** Opening Provided data block **

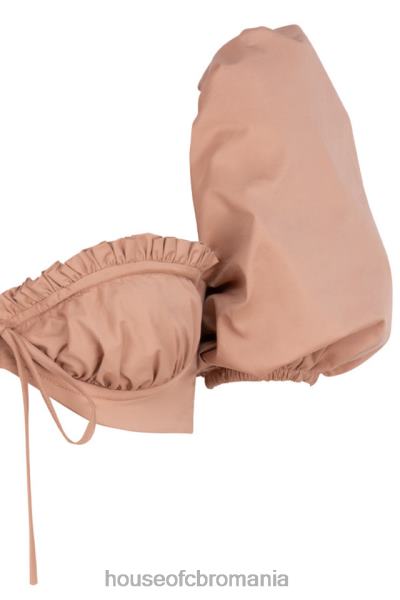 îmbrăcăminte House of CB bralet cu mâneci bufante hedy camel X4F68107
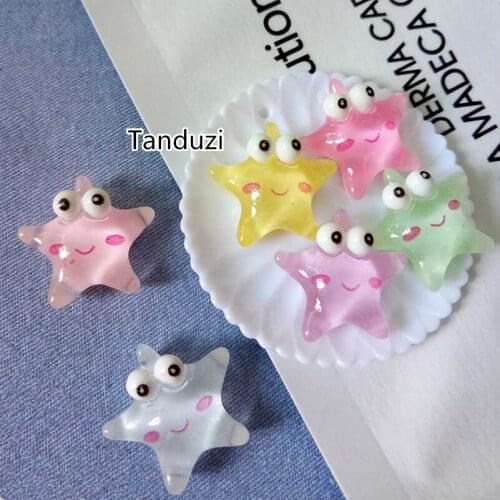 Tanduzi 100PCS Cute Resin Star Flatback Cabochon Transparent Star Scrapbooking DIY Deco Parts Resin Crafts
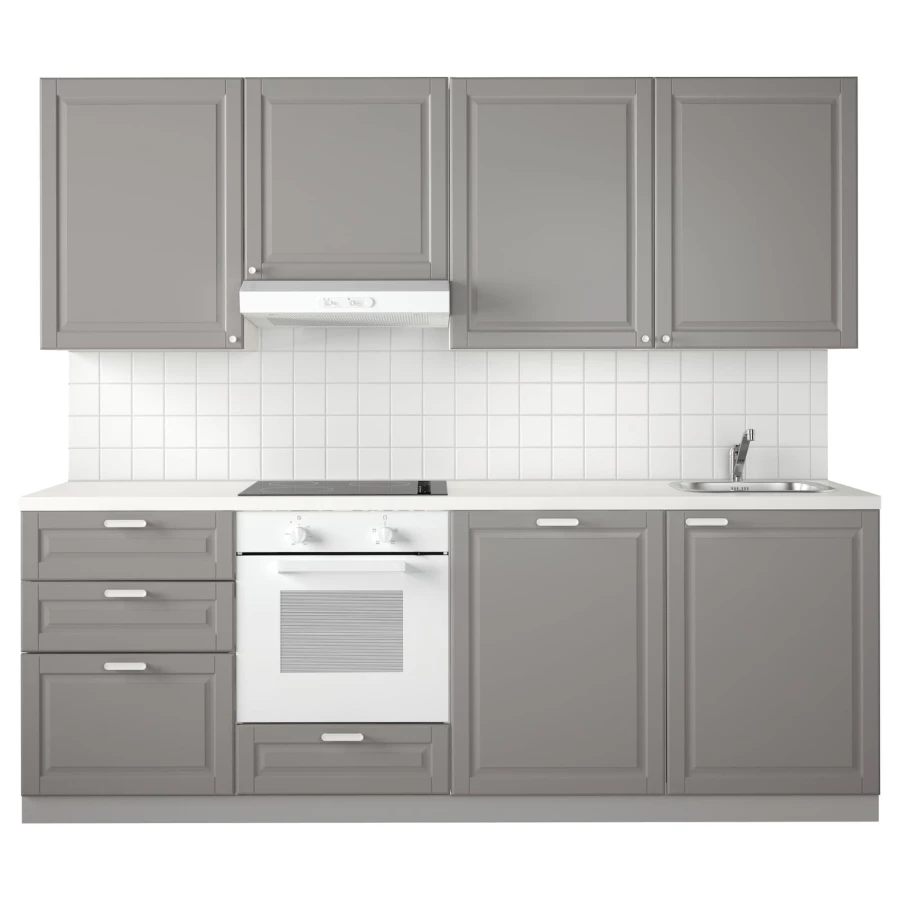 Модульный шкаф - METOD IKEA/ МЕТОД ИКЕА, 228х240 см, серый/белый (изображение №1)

** Closing Provided data block **

**How to complete this task**
Restate the listing word for word, pictures omitted.

**Answer below**
 îmbrăcăminte House of CB bralet cu mâneci bufante hedy camel X4F68107
 Tanduzi 100PCS Cute Resin Star Flatback Cabochon Transparent Star Scrapbooking DIY Deco Parts Resin Crafts
 Модульный шкаф - METOD IKEA/ МЕТОД ИКЕА, 228х240 см, серый/белый (изображение №1)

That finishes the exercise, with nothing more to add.